Key Takeaways
- Sector: Technology Software & Gaming.
- Geography: United States.
Analysis
Insight Partners has appointed Amir Malayery as Managing Director to spearhead the firm's initiative in venture and growth secondaries. The move marks a deliberate push by the software-focused investor to expand liquidity solutions for founders and early backers while leveraging its deep operational knowledge of technology companies.
Malayery arrives with a concentrated background in secondary transactions and a broader track record in technology investing. He spent the most recent chapter of his career at Industry Ventures, where he helped shape technology-focused secondary investments, and earlier worked on tech and internet deals at Summit Partners. Over his career he has overseen investments and secondary commitments totaling more than $1 billion.

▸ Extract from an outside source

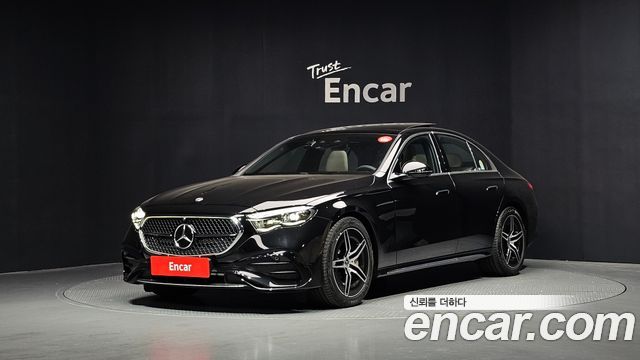 Mercedes-Benz E-Class E300 4MATIC AMG Line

The appointment enhances a strategy that builds on Insight’s decades-long software expertise. The firm emphasises an asset-centric approach to secondaries: prioritising companies it already knows through prior relationships, proprietary diligence and a long-term view of growth and exit paths. Insight highlights its scale in the market — including more than 875 companies backed and over 55 portfolio exits by IPO — and the firm’s sizeable footprint, counted as $90B in AUM as of mid‑2025.
Deven Parekh, a senior leader at Insight, framed the hire as part of a broader response to an evolving secondary market. "As the secondary opportunity set enlarges, applying Insight’s operational playbook to venture and growth secondaries can unlock tailored liquidity solutions," he said. Malayery’s specialist experience is expected to help scale the capability and widen the firm’s set of options for founders and investors.
The timing comes as the secondaries landscape matures: limited partners and founders increasingly seek flexible liquidity pathways outside traditional IPO or trade-sale timelines. Insight’s strategy will aim to combine its software sector intelligence and long-standing industry contacts with bespoke secondary structures — direct and indirect — to address that demand. The firm also signals it will rely on its internal operating resources to support portfolio companies through transitions when secondary transactions occur.
Beyond investing, Malayery brings operator experience: he founded and led an ecommerce startup that developed universal mobile checkout tools. He holds an MBA from Harvard Business School and undergraduate and graduate degrees from Stanford. In his new role as Managing Director he said he intends to work closely with LPs, founders and management teams to design practical liquidity plans that preserve long‑term growth potential.